Charm Offensive is an installation Cibic created in collaboration with a group of international scientific botanical illustrators. The project aims to address the colonial violence imposed by national and political powers both on nature and culture. Borrowing the phrase that was first used to describe the political tactics of adversaries in the Cold War, Charm Offensive denotes a calculated campaign that uses propaganda values to gain favour or support.

The project is comprised from a series of illustrations of plants that bear the names of the first European colonisers and botanists that became agents of empire and as such facilitated a global information exchange that often contested territories and their resources.

With plant ‘discovery’ by the European colonisers, and the ‘gifting’ of names that followed the newly invented Linnaean taxonomy, local knowledge would be erased, and local names annulled. As such, botany became complicit with the destruction of worlds taking place within the colonial project. The Linnaean taxonomy system with its binomial nomenclature presents one of the last systems of patriarchal control that has not been problematised and rewritten; namely its rules do not allow for the names of organisms to be changed, even when they bear tribute to politically problematic namesakes – including colonisers and slave owners.

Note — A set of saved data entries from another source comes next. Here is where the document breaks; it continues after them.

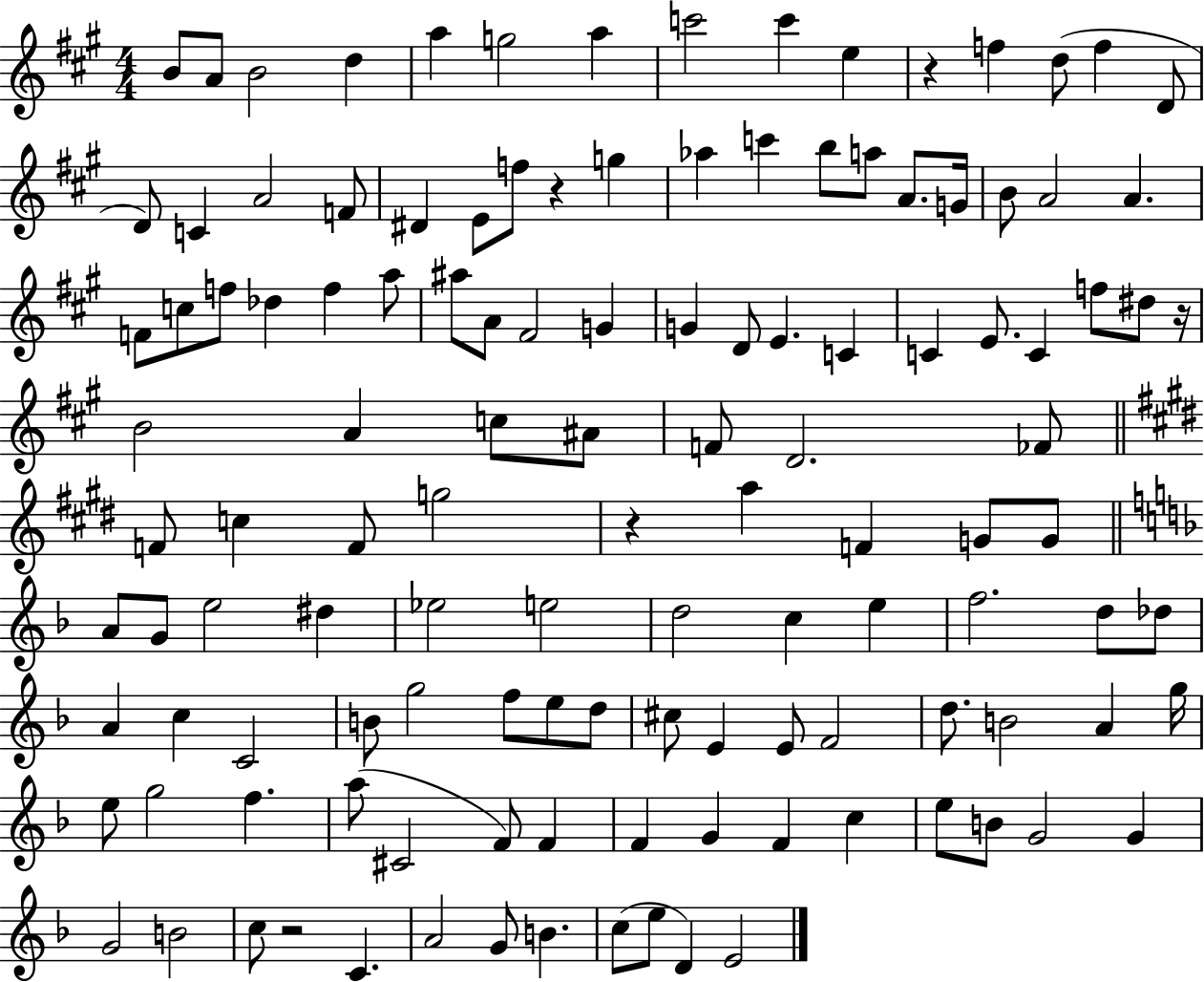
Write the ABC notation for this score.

X:1
T:Untitled
M:4/4
L:1/4
K:A
B/2 A/2 B2 d a g2 a c'2 c' e z f d/2 f D/2 D/2 C A2 F/2 ^D E/2 f/2 z g _a c' b/2 a/2 A/2 G/4 B/2 A2 A F/2 c/2 f/2 _d f a/2 ^a/2 A/2 ^F2 G G D/2 E C C E/2 C f/2 ^d/2 z/4 B2 A c/2 ^A/2 F/2 D2 _F/2 F/2 c F/2 g2 z a F G/2 G/2 A/2 G/2 e2 ^d _e2 e2 d2 c e f2 d/2 _d/2 A c C2 B/2 g2 f/2 e/2 d/2 ^c/2 E E/2 F2 d/2 B2 A g/4 e/2 g2 f a/2 ^C2 F/2 F F G F c e/2 B/2 G2 G G2 B2 c/2 z2 C A2 G/2 B c/2 e/2 D E2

In Charm Offensive, Cibic reverses the historical strategies of European ‘re-discovery’ of species – where their newly gifted Latin name would be the last to arrive in the process of their re-inscription within the European ‘civilised’ world. The artist reached out to botanical illustrators and altered the standard workflow of their practice – giving them only the Latin name of the plant to use as the reference for its proposed appearance. Cibic selected plants whose names honour the historically celebrated plant hunters and colonisers – who in compliance aided the colonial enterprise and became instruments of imperialist expansions. Working with botanical namesakes of Hans Sloane, Joseph Banks, James Cook, Carl Linnaeus and George Hibbert – the proposed illustrations decode the language of the discipline and insert a feminist decolonial potential of rewriting the history of patriarchal domination.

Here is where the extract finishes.